• Problem requirements:
Would you repeat the whole listing exactly, pictures excluded?

• Exercise data:
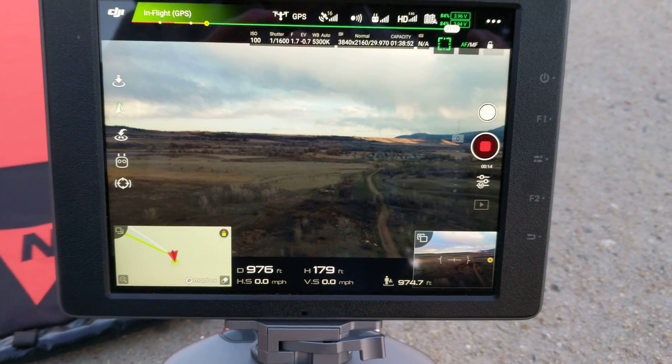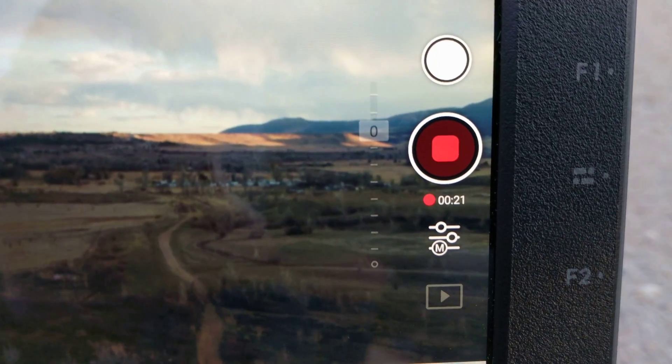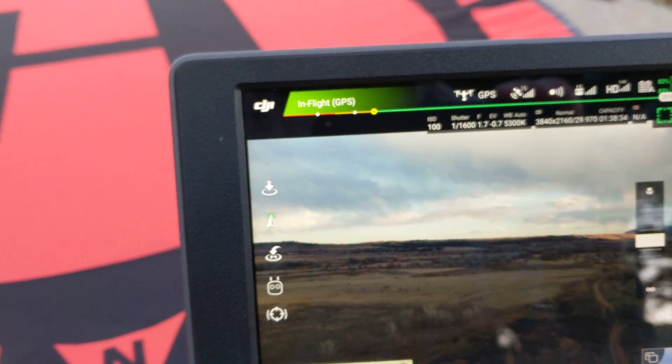Something's wrong with the communication between the drone and the lens for some reason. The camera's working, it's recording, but it's out of focus. And if you try to autofocus, or even manual focus, it won't work. It won't change the focus. So what is going on?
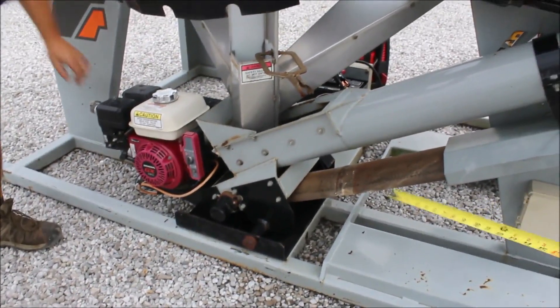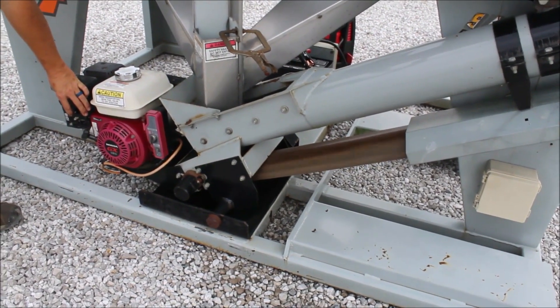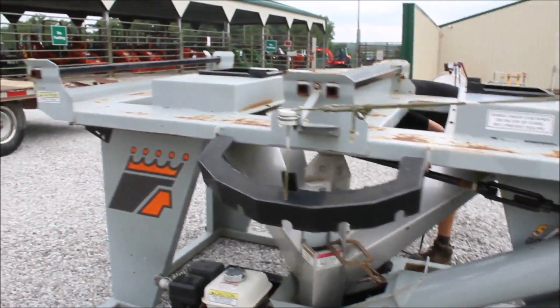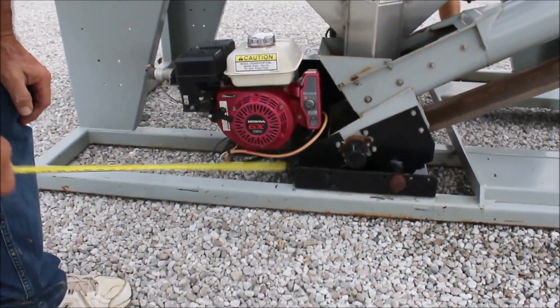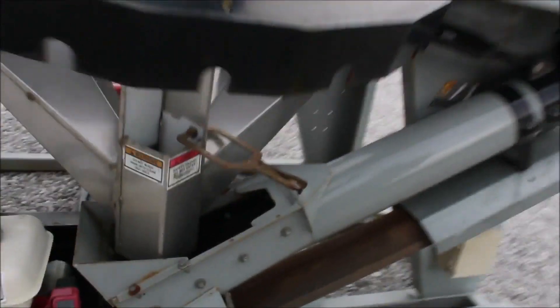Grab it up, John. Grab it up. Let it go. Guys, here's your seat tender. It's electric start Honda engine. The batteries are not good — we've got to jump start them. But you've seen the belt conveyor; you've seen it working.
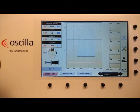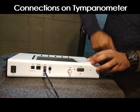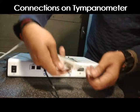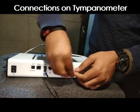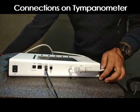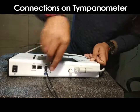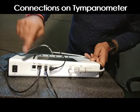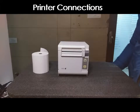Now let's make the connections. This is the power point where we connect the power adapter. This is the probe port where we connect the probe — it goes in like this. The contra headphone is connected to the contra headset port. After that, connect the printer cable to the printer port, and if you want to connect to a PC, the USB cable goes in here.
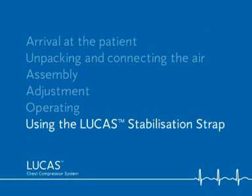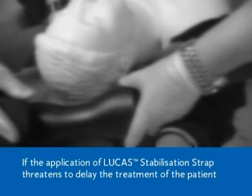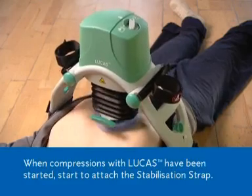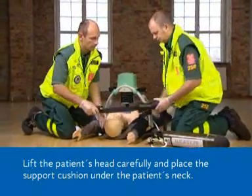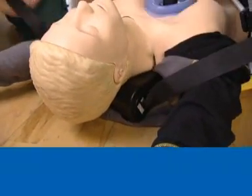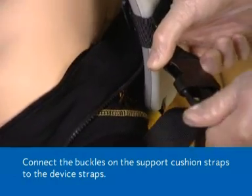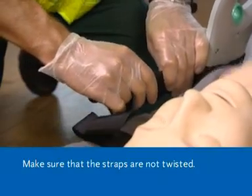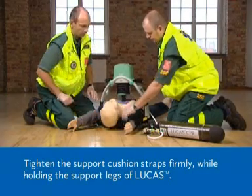Using the Lucas stabilisation strap. If the application of the Lucas stabilisation strap threatens to delay the treatment of the patient, it should be applied later or not at all. When compressions with Lucas have been started, begin to attach the stabilisation strap. Lift the patient's head carefully and place the support cushion under the patient's neck as close to the patient's shoulders as possible. Move the buckles on the device straps towards the patient's head. Connect the buckles on the support cushion straps to the device straps. Make sure that the straps are not twisted. Tighten the support cushion straps firmly while holding the support legs of Lucas.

• Written answer:
Something's wrong with the communication between the drone and the lens for some reason. The camera's working, it's recording, but it's out of focus. And if you try to autofocus, or even manual focus, it won't work. It won't change the focus. So what is going on?
Grab it up, John. Grab it up. Let it go. Guys, here's your seat tender. It's electric start Honda engine. The batteries are not good — we've got to jump start them. But you've seen the belt conveyor; you've seen it working.
Now let's make the connections. This is the power point where we connect the power adapter. This is the probe port where we connect the probe — it goes in like this. The contra headphone is connected to the contra headset port. After that, connect the printer cable to the printer port, and if you want to connect to a PC, the USB cable goes in here.
Using the Lucas stabilisation strap. If the application of the Lucas stabilisation strap threatens to delay the treatment of the patient, it should be applied later or not at all. When compressions with Lucas have been started, begin to attach the stabilisation strap. Lift the patient's head carefully and place the support cushion under the patient's neck as close to the patient's shoulders as possible. Move the buckles on the device straps towards the patient's head. Connect the buckles on the support cushion straps to the device straps. Make sure that the straps are not twisted. Tighten the support cushion straps firmly while holding the support legs of Lucas.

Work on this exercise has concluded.